§ EXERCISE PROMPT
From the line that contains "Cyclooxygenase 1 Antibody" to the last line of the data, every line is to be transcribed exactly; no other line is to be included.

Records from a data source

┌──

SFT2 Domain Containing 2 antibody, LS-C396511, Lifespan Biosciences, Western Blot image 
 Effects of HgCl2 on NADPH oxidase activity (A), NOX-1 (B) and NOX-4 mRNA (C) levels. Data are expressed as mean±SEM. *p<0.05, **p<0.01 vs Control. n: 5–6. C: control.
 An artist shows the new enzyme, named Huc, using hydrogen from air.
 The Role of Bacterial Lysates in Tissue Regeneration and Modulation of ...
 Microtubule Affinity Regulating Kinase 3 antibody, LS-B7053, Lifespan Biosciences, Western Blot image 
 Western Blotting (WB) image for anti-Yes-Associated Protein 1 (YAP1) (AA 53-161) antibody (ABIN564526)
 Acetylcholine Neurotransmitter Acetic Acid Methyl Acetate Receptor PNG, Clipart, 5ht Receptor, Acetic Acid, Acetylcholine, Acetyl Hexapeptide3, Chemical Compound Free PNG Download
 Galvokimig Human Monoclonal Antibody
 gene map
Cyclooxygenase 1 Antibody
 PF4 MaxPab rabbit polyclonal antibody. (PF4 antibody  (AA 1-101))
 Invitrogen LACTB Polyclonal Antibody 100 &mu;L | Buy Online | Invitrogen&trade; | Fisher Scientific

└──

§ RESPONSE TO THE TASK
Cyclooxygenase 1 Antibody
 PF4 MaxPab rabbit polyclonal antibody. (PF4 antibody  (AA 1-101))
 Invitrogen LACTB Polyclonal Antibody 100 &mu;L | Buy Online | Invitrogen&trade; | Fisher Scientific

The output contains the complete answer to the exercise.